Those grappling with the complexities of modern government can never win a shouting match with the likes of Mr Trump, writes Philip Stephens. However, what the Republicans have learnt, and Europeans should take note, is that mainstream politicians who flirt with crude populism will always find themselves outflanked.

After decades in which successive Republican and Democratic presidents have pushed to open US and global markets, resentment towards free trade now appears to have the upper hand in both parties (FT, NYT, WSJ)

In the news

Lula charged Brazil’s former president Luiz Inácio Lula da Silva has been indicted for allegedly concealing his ownership of a luxury beachside apartment, in a move likely to escalate a growing political crisis in Latin America’s biggest country. His lawyers confirmed the indictment but did not provide details of the charges. (FT)

China implements N Korea sanctions With each round of sanctions passed on North Korea, the million-dollar question is how strictly China, its main trading partner, will enforce them.
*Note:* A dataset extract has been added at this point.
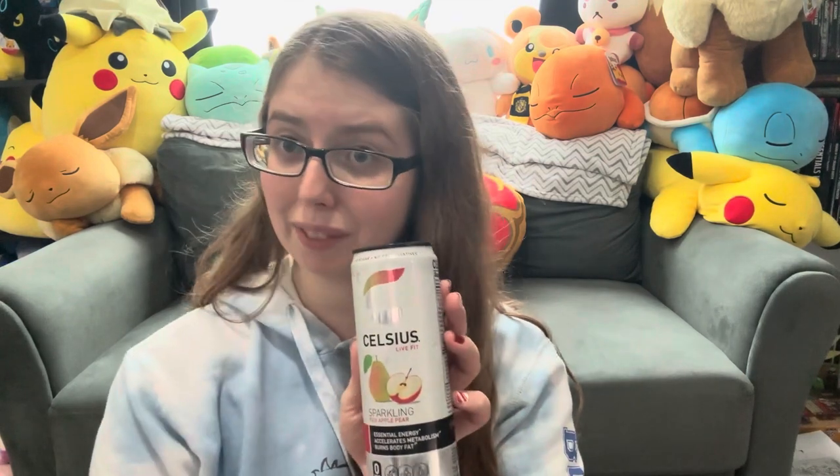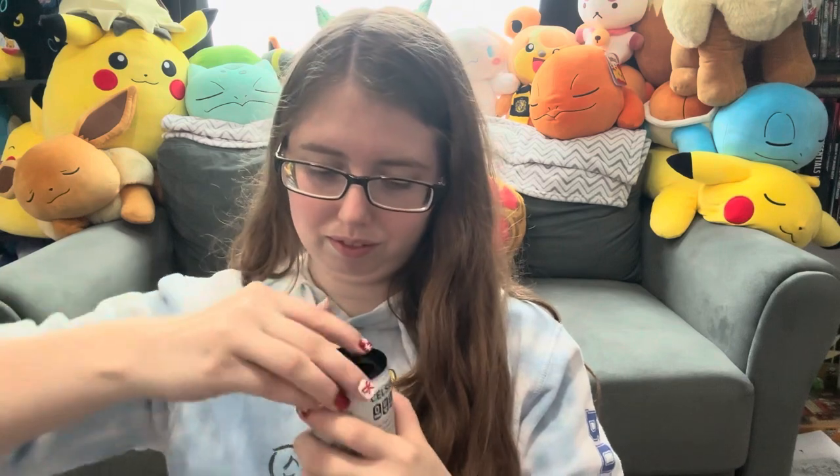So let's give it a taste. Smells good. You can definitely taste the apple and the pear, which is very nice because a lot of drinks that have pear in it, it's like either overly done or under done and you don't get as nice of a pear refreshing flavor.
So far, China has barred a North Korean freighter from one of its ports, one of 31 vessels blacklisted by China's Ministry of Transport after they were covered by the UN sanctions regime. (Reuters, The Diplomat)

Trudeau visits Washington On his first visit to the US as Canadian prime minister, Justin Trudeau warned against the danger of reacting to a smaller, globalised world by castigating others. Asked his opinion of “Trumpism” he said: “I think if I were American, I would be asking people right now about why is that so many people are angry at your politics?". (HuffPo, politico)

Amazon takes on FedEx and UPS The ecommerce company has agreed to lease 20 cargo jets from Air Transportation Services Group in its boldest step yet to control its own logistics operations. (FT)

Volkswagen’s US chief goes The German carmaker's emissions scandal has claimed its highest-ranking scalp in the country where the crisis started. Michael Horn said he was stepping down as head of US operations “to pursue other opportunities”. (FT)

Go Google Google has hit a milestone for artificial intelligence, as its AlphaGo computer outwitted the world champion of the ancient Chinese board game of Go. Lee Se-dol, the South Korean who has been the top player for a decade, was defeated in the first two of five games in the contest. He said after the first defeat that he was in “shock”. (FT)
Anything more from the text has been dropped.